Vi preoccupa il fatto che, accanto alle scuole, riprenderanno anche alcune attività commerciali?
Chiaramente se si riaprono gli spazi legati alla socialità, frequentati dai ragazzi, non sappiamo poi che cosa entra nelle classi. La scuola non è un ambiente impermeabile al mondo esterno.
Quindi meglio aprire le scuole e tenere chiuso tutto il resto?
Non vogliamo essere quelli che criticano le riaperture, ma dobbiamo essere consapevoli che la situazione epidemiologica non ci consente di abbassare la guardia. Egoisticamente possiamo dire che parte degli insegnanti è stata vaccinata, nonostante tutti gli stop and go relativi ad Astrazeneca. Tuttavia il personale docente che ha ricevuto la seconda dose è una fetta limitata, i numeri delle vaccinazioni non sono uniformi, ma cambiano di regione in regione, e soprattutto gli studenti non sono stati immunizzati, e purtroppo sappiamo come le varianti si diffondano rapidamente anche tra i più giovani. In questa fase così delicata è necessario che chi ha le competenze, come le regioni, per decretare chiusure o riaperture, si assuma la responsabilità delle proprie scelte, motivandole.
Teme che si vada in ordine sparso, come più volte è successo?
Sicuramente procedere in ordine sparso è una strategia che non aiuta, e che genera unicamente diseguaglianze e diversificazioni.
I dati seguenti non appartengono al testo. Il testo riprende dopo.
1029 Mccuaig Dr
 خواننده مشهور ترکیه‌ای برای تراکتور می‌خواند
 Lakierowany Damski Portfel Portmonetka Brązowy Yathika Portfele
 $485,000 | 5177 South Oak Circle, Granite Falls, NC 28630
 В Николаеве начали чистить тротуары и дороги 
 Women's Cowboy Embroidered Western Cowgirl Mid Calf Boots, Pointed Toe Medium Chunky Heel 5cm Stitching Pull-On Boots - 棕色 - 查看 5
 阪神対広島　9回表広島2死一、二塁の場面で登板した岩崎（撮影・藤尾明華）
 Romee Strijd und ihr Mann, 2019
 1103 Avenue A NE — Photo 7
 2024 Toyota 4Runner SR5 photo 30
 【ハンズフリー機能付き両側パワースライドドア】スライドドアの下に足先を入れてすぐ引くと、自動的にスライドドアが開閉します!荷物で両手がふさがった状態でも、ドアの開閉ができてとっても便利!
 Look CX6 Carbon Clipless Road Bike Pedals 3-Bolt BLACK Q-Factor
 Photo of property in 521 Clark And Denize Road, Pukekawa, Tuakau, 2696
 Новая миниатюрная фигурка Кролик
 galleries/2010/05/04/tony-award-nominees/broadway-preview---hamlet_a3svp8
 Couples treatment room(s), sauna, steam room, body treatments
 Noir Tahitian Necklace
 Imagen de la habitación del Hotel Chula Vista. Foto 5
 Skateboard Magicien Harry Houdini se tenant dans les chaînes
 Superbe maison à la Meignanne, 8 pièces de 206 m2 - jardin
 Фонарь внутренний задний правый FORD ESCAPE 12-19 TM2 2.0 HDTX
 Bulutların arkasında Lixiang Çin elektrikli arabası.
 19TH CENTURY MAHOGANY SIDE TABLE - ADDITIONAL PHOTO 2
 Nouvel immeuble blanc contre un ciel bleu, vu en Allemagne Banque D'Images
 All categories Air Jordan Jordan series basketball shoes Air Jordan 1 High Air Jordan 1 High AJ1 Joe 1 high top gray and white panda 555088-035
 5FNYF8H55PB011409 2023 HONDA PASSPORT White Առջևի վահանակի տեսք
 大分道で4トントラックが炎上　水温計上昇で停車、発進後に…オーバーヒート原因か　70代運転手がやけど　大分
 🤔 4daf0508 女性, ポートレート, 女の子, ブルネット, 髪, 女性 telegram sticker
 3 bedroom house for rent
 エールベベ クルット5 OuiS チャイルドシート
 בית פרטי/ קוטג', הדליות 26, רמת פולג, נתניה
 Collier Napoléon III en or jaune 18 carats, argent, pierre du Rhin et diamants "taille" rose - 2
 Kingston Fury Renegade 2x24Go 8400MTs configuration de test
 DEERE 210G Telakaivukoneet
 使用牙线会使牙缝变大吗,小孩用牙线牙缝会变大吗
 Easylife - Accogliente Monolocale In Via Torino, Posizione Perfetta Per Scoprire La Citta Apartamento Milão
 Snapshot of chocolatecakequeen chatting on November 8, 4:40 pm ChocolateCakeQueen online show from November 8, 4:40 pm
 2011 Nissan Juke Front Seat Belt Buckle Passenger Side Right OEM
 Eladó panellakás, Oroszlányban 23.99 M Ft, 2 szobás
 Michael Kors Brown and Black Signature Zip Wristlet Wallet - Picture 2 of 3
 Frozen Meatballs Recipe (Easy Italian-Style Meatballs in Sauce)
Il coordinamento tra stato e regioni è imprescindibile. Nondimeno serve la giusta flessibilità per imboccare o la via della riapertura o della chiusura, a seconda della circolazione del virus. Ma, come dicevo, tutto questo deve essere accompagnato dalla responsabilità da parte di chi decide. Se i numeri impongono un nuovo lockdown in una determinata regione è giusto farlo, se la scuola è considerata un acceleratore del contagio si deve motivare l’interruzione della presenza. Situazioni come quelle della Puglia, dove il presidente Emiliano ha chiesto di non fermare le attività, nonostante numeri poco favorevoli, e ha lasciato le scuole aparte, facendo ricadere sulle famiglie la scelta di mandare o meno i figli, non sono tollerabili. Così facendo si crea disparità tra gli alunni che hanno alle spalle un background culturale solido, e chi no. La scuola non può essere aperta su richiesta, ma appartiene a tutti.
Come valuta il confronto con il ministro Bianchi? C’è stato un cambio di passo rispetto al precedente governo?
Il confronto con il ministro Bianchi è stato, fin dall’inizio, aperto e interessante. Ovviamente si tratta pur sempre di un governo tecnico che deve poi rispondere a una compagine politica. Ma l’aspetto più importante è stato l’aver introdotto la dimensione umana all’interno di un confronto istituzionale, cosa che non c’è mai stata con il precedente ministro. C’è stato sicuramente un cambio di passo.